Karen Keehr, photography curator for History Nebraska, spoke to the 2019 Nebraska Country Schools Association conference attendees on Friday, July 19, about how to conserve old photos and documents.
Keehr said the ideal archive environment for photos and documents is about 65 degrees Fahrenheit with about 40 percent relative humidity.
Photos exposed to higher humidity levels are prone to fading and fungus, said Keehr, while those kept in low-hummidity conditions may become brittle.
Historic photos and documents should not be stored in basements, garages, attics, or barns, said Keehr, because temperature and relative humidity cannot be controlled successfully in these situations.
Keehr suggested storing such items under the bed, where the mattress and bedding can help stabilize the temperatures.
“All light is bad for photos,” said Keehr, adding that any light damage is permanent.
She noted that albumen prints and cyanotypes, which are older types of photographs, are particularly susceptible to light damage.
She added that color photo prints from the 1960s and 1970s may seem to be turning yellow, which is partly true.
Two of the four colors used in printing process, cyan (blue) and magenta (red), are fading more quickly than the yellow colors in the prints, said Keehr.
Keehr advised the audience to display copies of historic photos whenever possible while storing the originals in complete darkness.
Other photo display tips she offered included not hanging or displaying photos in direct sunlight, choosing glass with UV protection, using archival frames and mats, and monitoring fading by occasionally removing the photo from the frame to see if the area under the mat looks darker or different than the unmatted area.
Keehr said the Ford Conservation Center in Omaha is a good resource for photo preservation questions. Call 402-595-1180 or email hn.fordcenter@ nebraska.gov with your questions.

People cause the most damage to historic photos and documents, said Keehr, who recommended wearing cotton or nitrile gloves when handling historic materials.
She suggested using both hands when handling old photos, supporting the photo on its long edges, and moving it or carrying it on piece of acid-free paper.

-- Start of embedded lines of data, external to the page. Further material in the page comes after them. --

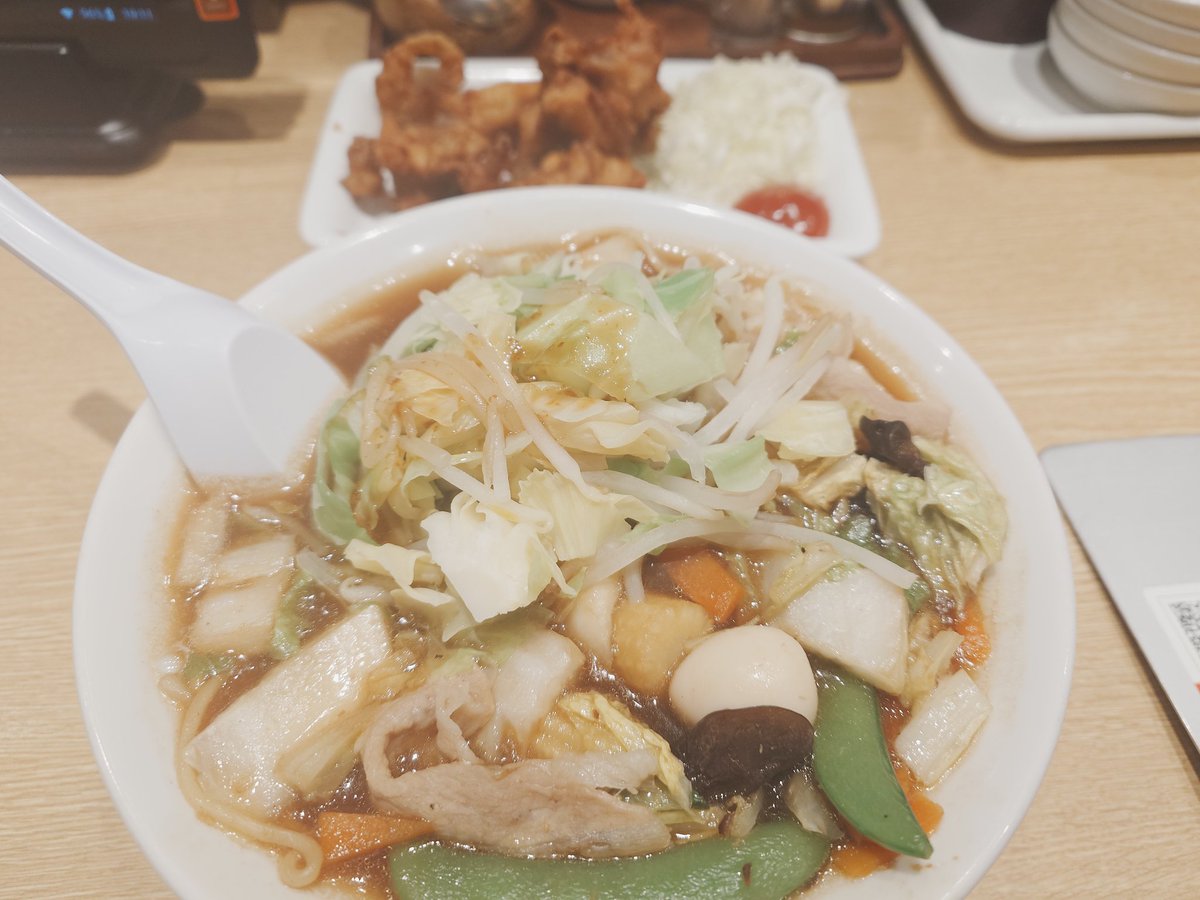 m_sammy_00's tweet photo. #五目そば は好きけどエビが好きじゃない
けどタッチパネルにこうもなし
なので店員さんに聞いてみた
エビ抜きにできる？
　→できる
どのように注文するの？
　→マッチパネルで注文＋店員が口頭で伝える
とのこと
無事エビ抜き五目そばが届きました✨
店員さんお手数おかけしました
#丸源ラーメン https://t.co/gV6xWSSnNO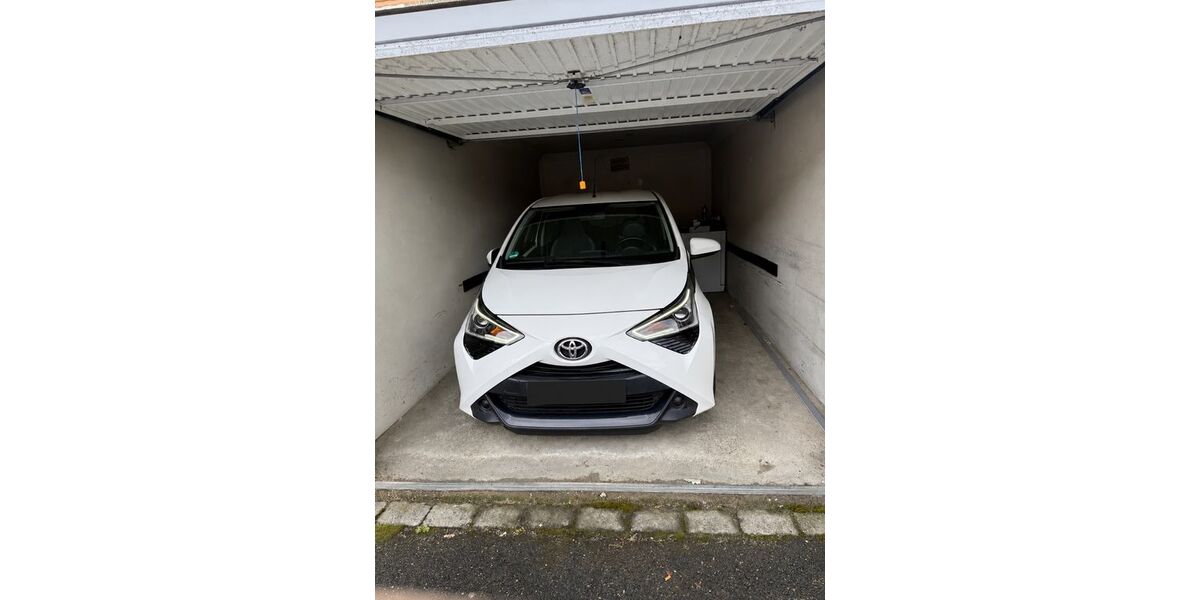 Toyota Aygo (X) 119.143 km 7.800 &euro; Troisdorf 53842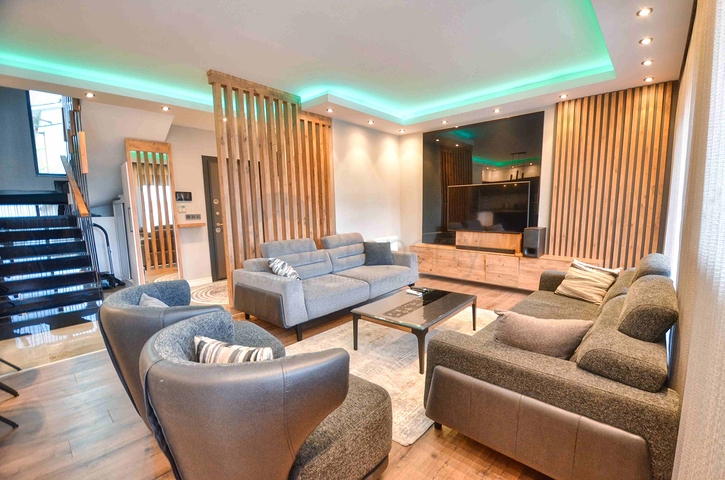 Geräumige 4+1-Villa im Stadtteil Kemer - Antalya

Other speakers for the two-day conference included Taryn and Jon Vanderford, hosts of “Pure Nebraska,” who discussed country schools they have toured; Gloria Christensen, who spoke on the Antelope County Country  School District No. 70; Ardis Yost and Suzi Schulz, who told stories of North Star School in Red Cloud; and Mary Ann Gabel and Caroline Allen, who talked about bringing the country school experience alive for students today. The Lied Lodge and the Wirth Foundation provided sponsorship support for the conference.